Working with Large Datasets
- Question about who can take 15 to 20 TB of cyclonic event data going back to the 90s.
- Is it ok to share processed data (which is much smaller) or do I need to share the raw file (very large) version?
Metadata
- Common questions about metadata encountered at a data help desk relate to its importance, standards, submission procedures, and what information to include. Here are some specific examples and areas of inquiry:
- What is the definition or description of metadata? This suggests that some users may have a basic lack of understanding of what metadata entails.

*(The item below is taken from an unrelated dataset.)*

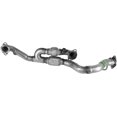 thumbnail image 1 of Walker Exhaust Exhaust Crossover Pipe 50488 OE Replacement; Y-Pipe, 1 of 2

- Why is metadata important? When describing samples, it’s important to provide rich metadata that describes basic characteristics. Taking time upfront to maximize this information will save time when reusing or sharing samples in the future.
- What metadata standard does your repository use? Researchers need to know which standards are expected by different data repositories.
- What is the procedure by which a scientist submits metadata (e.g., via Word template)? Users require practical guidance on how to actually provide metadata to a repository.
- Are there personnel at the repository who can help a scientist get their data and metadata archived? This shows that some users need assistance with the technical aspects of metadata creation and submission.
- What to document with metadata? This question highlights the need for clarity on the specific information that should be included as metadata.
- What is good metadata? Consistent data formatting & descriptions help machines & humans better understand & reuse valuable data, emphasizing the role of good metadata.
Computational Notebooks
- Notebooks Now! - what does that submission look like, Curvenote, ArXiv/Earth ArXiv integration for notebook pre-prints
- Looking for notebooks for academic/teaching purposes; DeepNote
- Notebooks Now! AGU open science initiatives, are we providing resources to provide an environment?
- How do I share and get credit for my notebooks? Talk to us about making your Jupyter, RMarkdown notebooks available
- Can I give my computational notebook a DOI?
Miscellaneous Questions
- How to best trace the number of citations from a publication?
- How do a locate an expert to answer a question?
- What resources do you have for atmospheric science?
- Does AGU have data science related jobs?
- Is the ESIP Marine working group here?
- How to put AI model algorithm in open access repository that can come under copyright/ fair use
- Managing digital presence
- How to store geo data format like .shp, .geojosn, .kml in a good format. Are these proprietary? What would be a good nonproprietary format for GIS data?
- Connecting scientists and communities and policy makers for decision making in water sanitation - resources?
- Finishing masters, former software engineer, looking for next career
- Open access fees - where does the money go and why are they so high?
- What is an ORCID? and what a ROR ID? And, why is it useful to me?
- What is a DOI? (Digital Object Identifier)
- How to preserve models and simulations data?